Gold Market Radar (January 21, 2013)

Gold Market Radar (January 21, 2013)

For the week, spot gold closed at $1,684.30, up 21.5 per ounce, or 1.29 percent. Gold stocks, as measured by the NYSE Arca Gold Miners Index, lost 0.60 percent. The U.S. Trade-Weighted Dollar Index gained 0.60 percent for the week.

Strengths

  • The Central Bank of Russia (CBR) bought 650,000 ounces of gold in December, its largest monthly purchase since September 2010. The CBR’s policy is generally to maintain a gold-to-FX reserve ratio of around 10 percent and as of year-end 2012, that ratio stood at 9.5 percent.
  • Silver reached a one-month high as the U.S. Mint sold out of 2013 American Eagle silver coins. The silver coin sale will resume on or about the week of January 28 once inventory is replenished.
  • A report by the Official Monetary and Financial Institution Forum (OMFIF) suggests that demand for gold will increase as central banks of emerging economies become increasingly interested in gold in the gradual transition out of a single global reserve currency system.

Weaknesses

  • Two central security guards were killed at Tahoe Resources’ silver project in Guatemala when their patrol was ambushed by armed criminals. It is the third act of violence against projects or operations in Guatemala this month.
  • Germany’s Bundesbank has announced a phased relocation of all its gold held in France and 300 tons of its gold held in the Unites States, to be moved to Frankfurt by 2020.
  • Rio Tinto, the world’s second-largest mining company, will take about an additional $14 billion of write-downs for failed deals in aluminum and coal.  Chief Executive Officer Tom Albanese, behind the deals, will be leaving the company after six years in charge.

Opportunities

  • Peru approved Rio Alto Mining, the developer of the La Arena copper and gold mine in Peru, as an investment for domestic pension funds.
  • Centerra reported 2012 gold production of 387,076 ounces while providing its production outlook for the current year.
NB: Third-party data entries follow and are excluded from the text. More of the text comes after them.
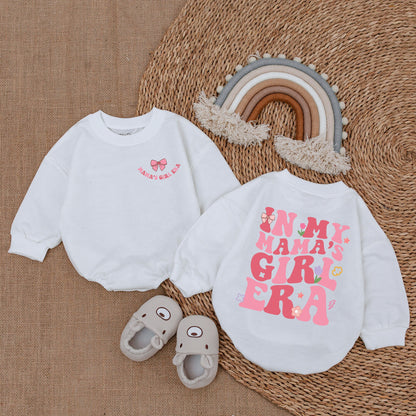 My Mama's Girl Era Romper Baby Girl Outfit Soft Cotton Cute Mama's Girl Shirt Comfort First Birthday Gift Special Occasion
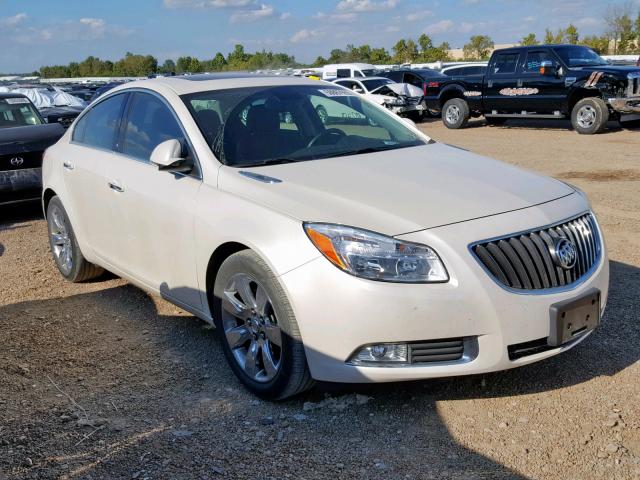 2G4GS5EV5C9204454 - 2012 BUICK REGAL PREM WHITE photo 1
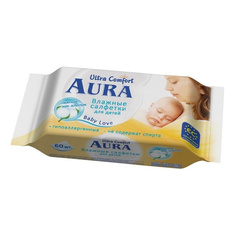 Влажные салфетки Aura Ultra Comfort, 60 шт.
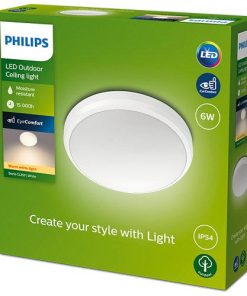 Plafoniera LED pentru exterior Philips Doris, 6W, 600 lm, luminacalda(2700K), - imagine 2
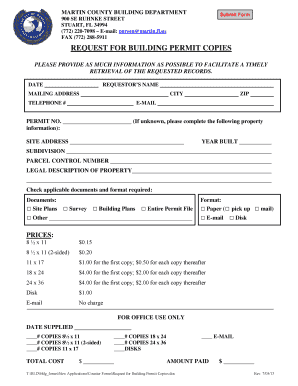 Request for Building Permit Copies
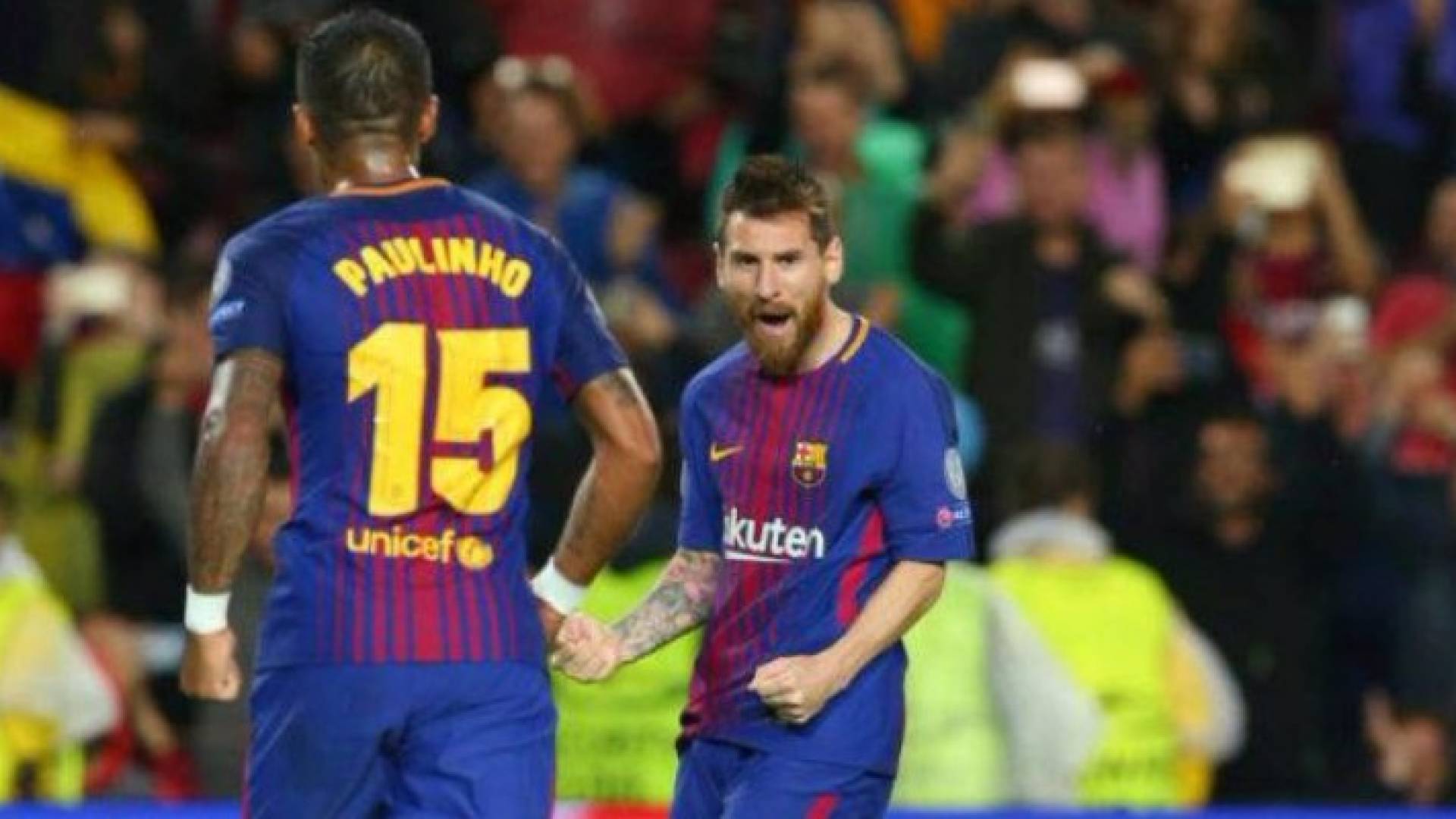 برشلونة يتخطى أولمبياكوس في دوري الأبطال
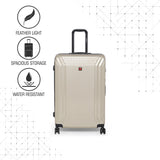 SWISSBRAND Vernier Hard Body Large Beige Luggage Trolley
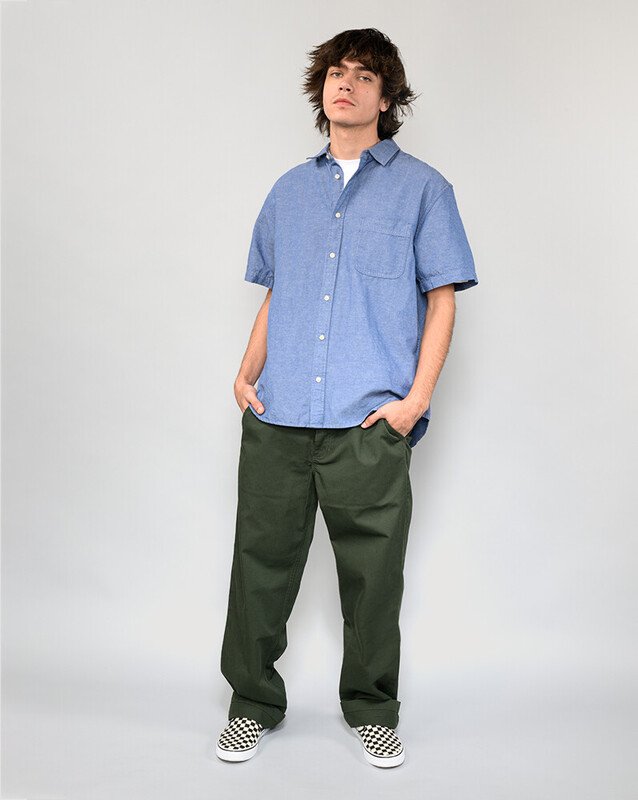 Camisa Lawson Solid Ss Woven True Navy Hylane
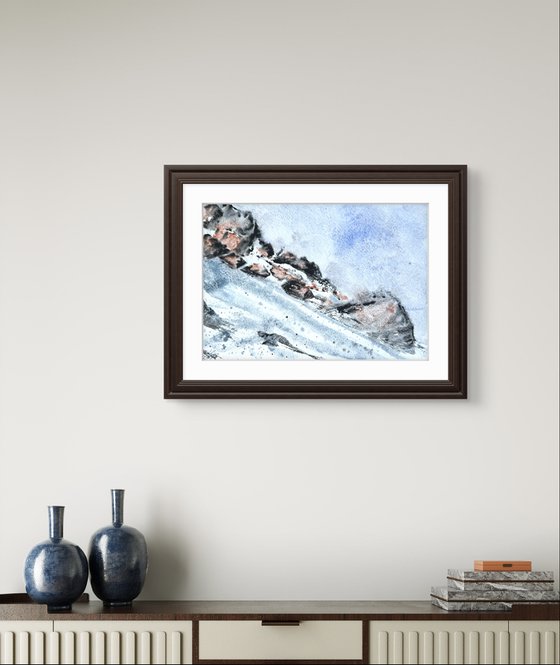 Frost in the mountains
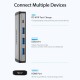 VENTION Type-C to HDMI/USB 3.0*3/PD 87W Docking Station 0.15M Gray Metal Type (CNBHB) VENTION Type-C to HDMI/USB 3.0*3/PD 87W Docking Station 0.15M Gray Metal Type (CNBHB)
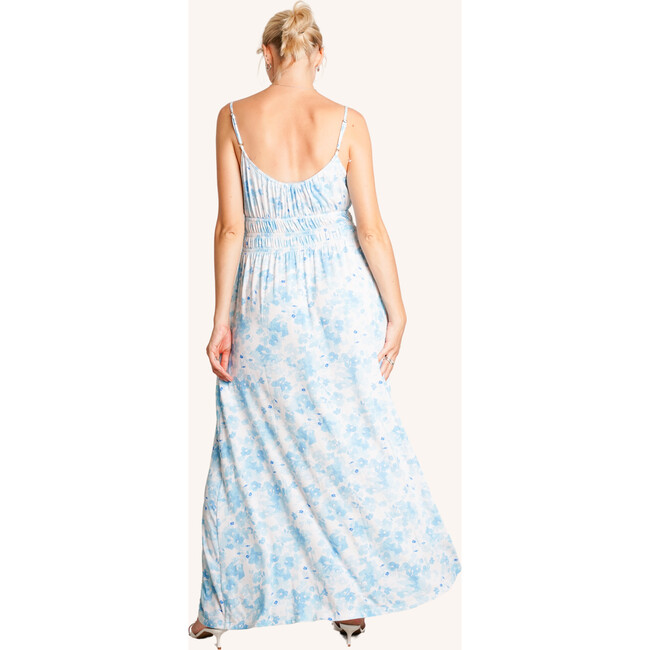 Capri Dress, Blue Floral - Dresses - 3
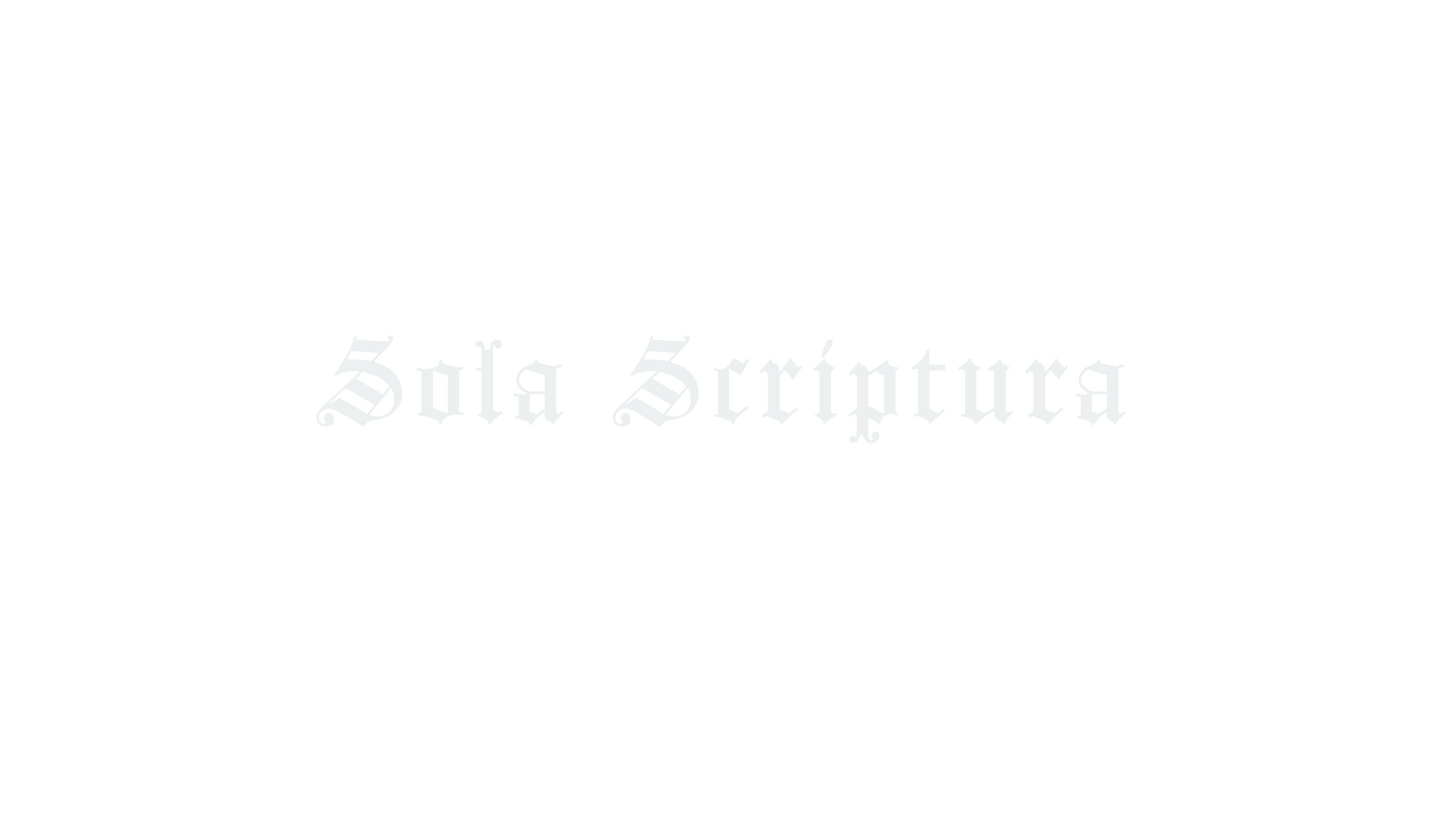 Reformation Sola Scriptura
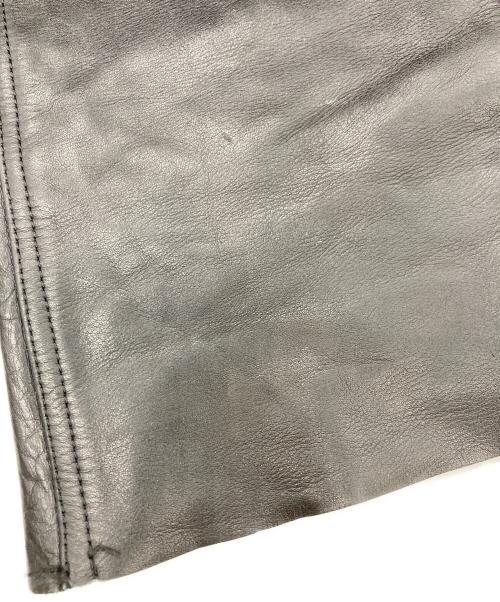 SOMET（ソメ）SOMET (ソメ) レザーパンツ ブラック サイズ:Mの古着・服飾アイテム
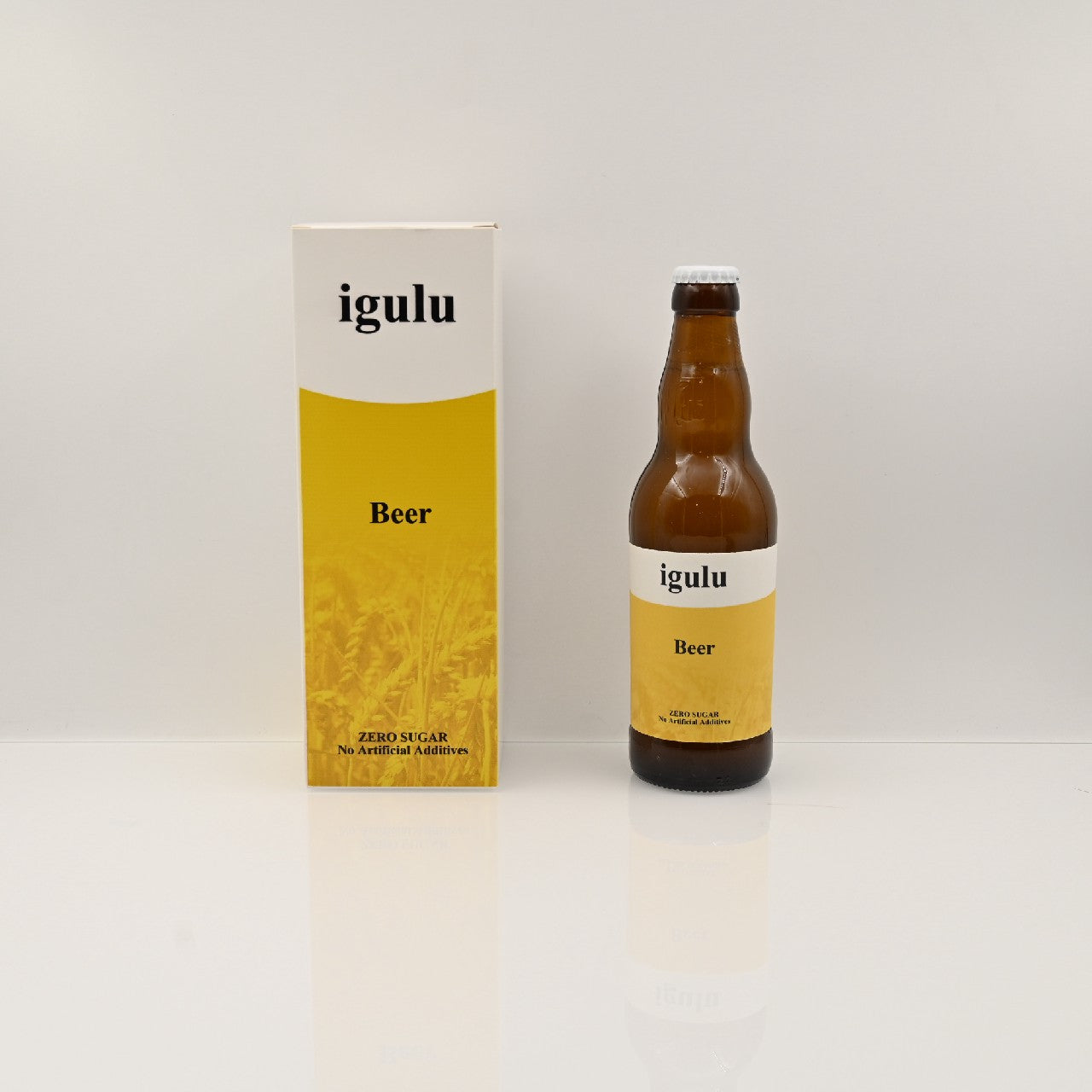 igulu 1 PC White Beer Belgian Wheat Beer Traditional Brewed Beer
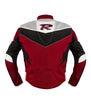 OLYMP RED MOTORCYCLE RACING TEXTILE JACKET back photo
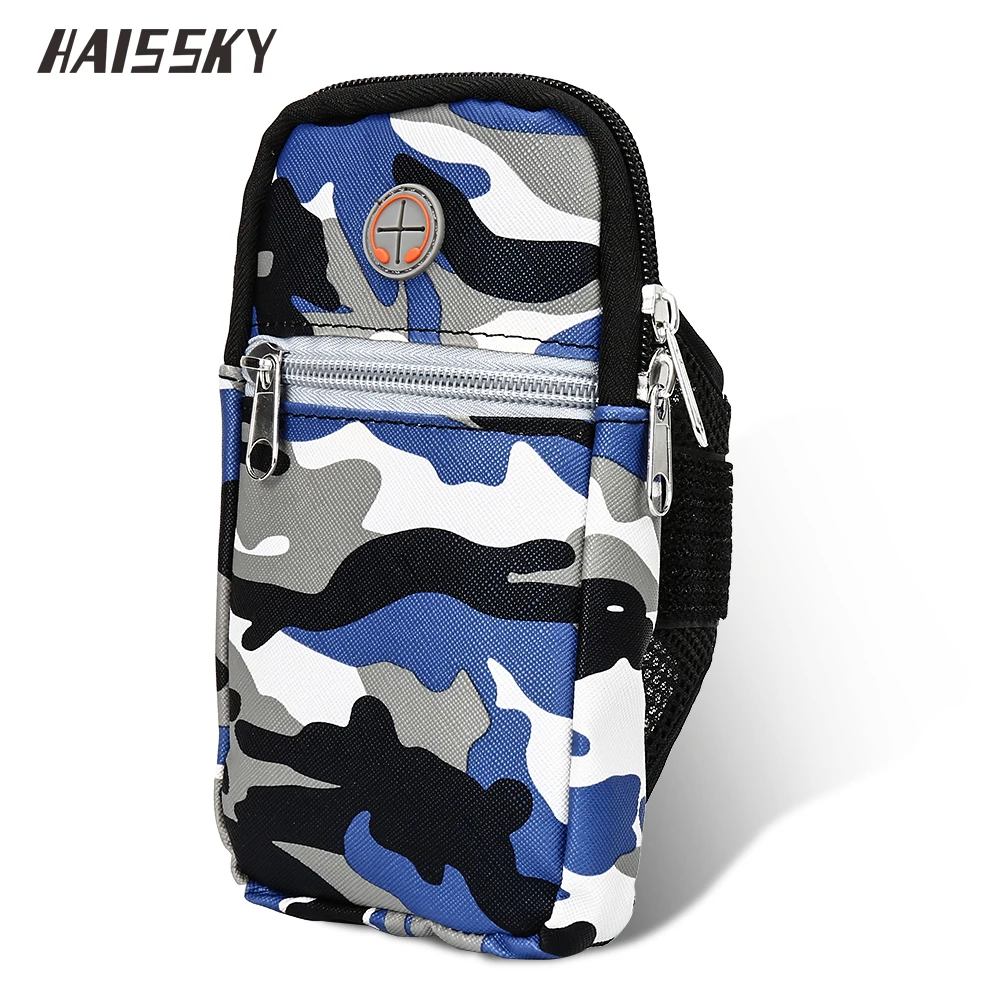 

Haissky Sport Phone Case Bag for iPhone 8 7 6 6S Plus Universal Wallet Camouflage Case for Samsung Note 8 S8 S7 S6 Phone Cover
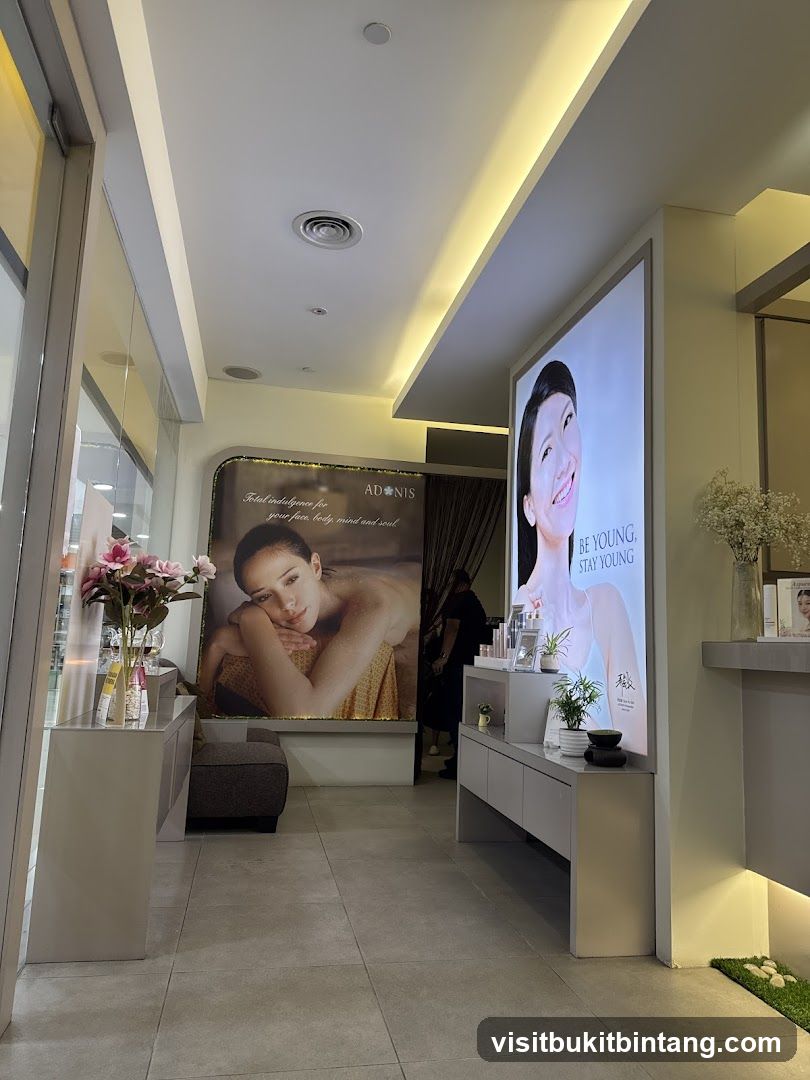 Interior of a spa or beauty salon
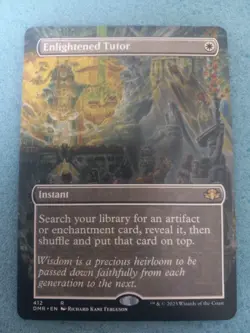Enlightened Tutor (Borderless) Dominaria Remastered NM MTG - Image 1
Ian Atkinson, President and CEO, stated that Centerra’s Kumtor mine had disappointing results, but he expects 2013 production to almost double between 605,000 and 660,000 ounces.
  • According to Thomson Reuters GFMS, gold will likely climb toward $1,900 an ounce and average a record in the first half of this year as central bank stimulus boosts investment demand. Central banks added the most gold to their respective reserves in 48 years over the course of 2012, and will likely buy another 280 metric tons in the first half of 2013.
  • Anglo American Platinum announced the closure of its Rustenburg mine, slashing expected annual platinum production by 400,000 ounces. Both the South African government and its labor unions are unhappy with the plan, but it is a positive for the price of platinum.

Threats

  • Senator Tom Udall, D-NM, and others are seeking to overhaul the General Mining Law of 1872, originally signed into law by President Ulysses S. Grant to promote mining in the West. If successful, the U.S. government could gain hundreds of millions of dollars in the next decade by collecting royalties from gold, silver and other mines otherwise exempt under the 1872 mining law.
  • One suggested proposal is to charge a 12.5 percent royalty fee, which would generate about 3 billion over 10 years, estimates Representative Edward Markey from Massachusetts.
  • CanaccordGenuity cut its one-year peak gold forecast to $1,850 from $2,000, and silver to $35 from $40. They see potential for two-year peak gold at $2,000 and silver at $40.